▶ [SOURCE MATERIAL]:
========================================

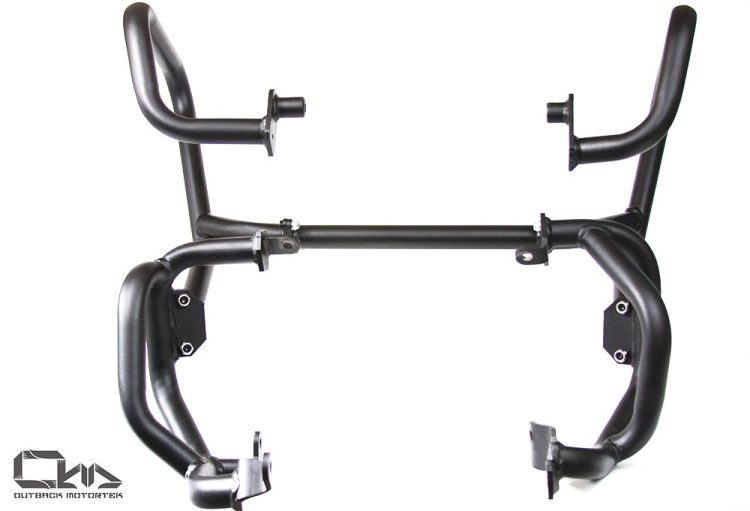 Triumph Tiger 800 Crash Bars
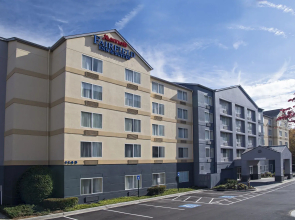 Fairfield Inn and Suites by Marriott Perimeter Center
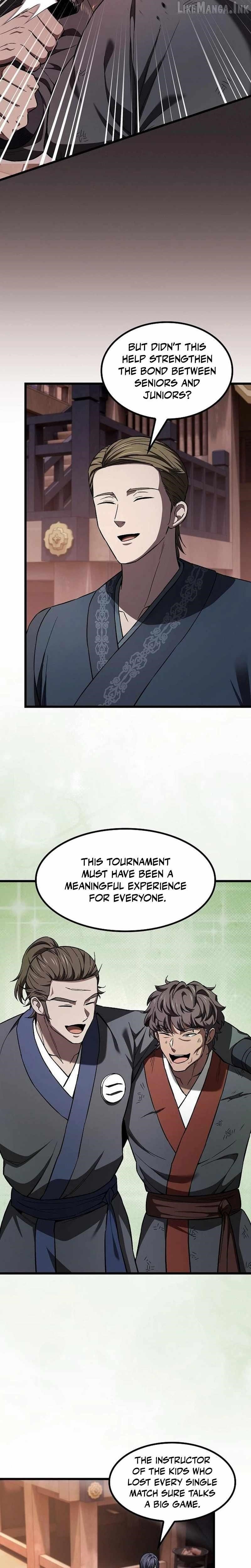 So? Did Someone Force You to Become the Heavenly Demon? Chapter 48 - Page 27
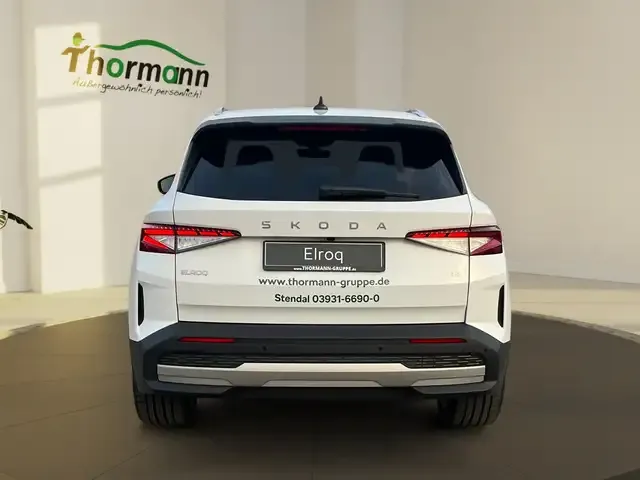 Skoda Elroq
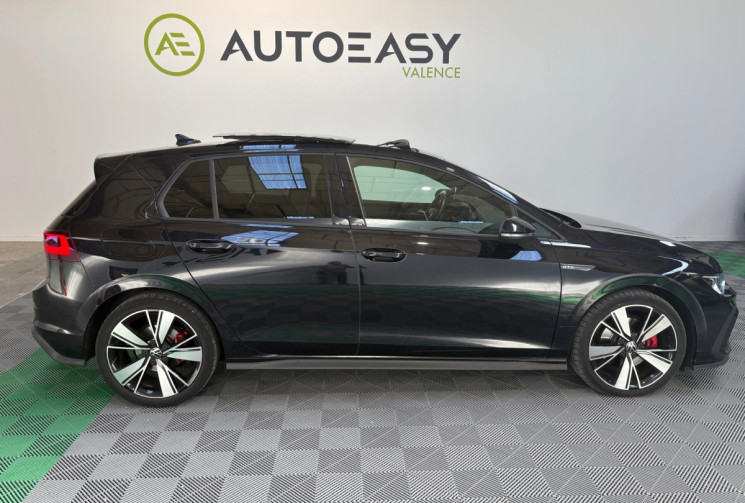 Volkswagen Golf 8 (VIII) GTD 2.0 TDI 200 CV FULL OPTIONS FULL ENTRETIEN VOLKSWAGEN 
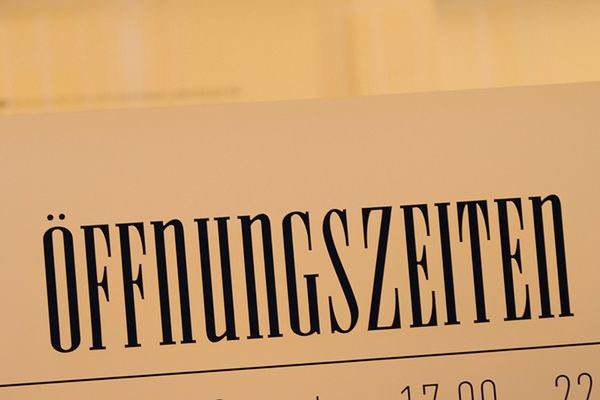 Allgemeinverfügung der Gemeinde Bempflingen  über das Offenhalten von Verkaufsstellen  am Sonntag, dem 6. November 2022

========================================

▶ [TASK DESCRIPTION]:
A word-for-word copy of the material is required; pictures stay out of it.

▶ [EXPECTED ANSWER]:
 Triumph Tiger 800 Crash Bars
 Fairfield Inn and Suites by Marriott Perimeter Center
 So? Did Someone Force You to Become the Heavenly Demon? Chapter 48 - Page 27
 Skoda Elroq
 Volkswagen Golf 8 (VIII) GTD 2.0 TDI 200 CV FULL OPTIONS FULL ENTRETIEN VOLKSWAGEN 
 Allgemeinverfügung der Gemeinde Bempflingen  über das Offenhalten von Verkaufsstellen  am Sonntag, dem 6. November 2022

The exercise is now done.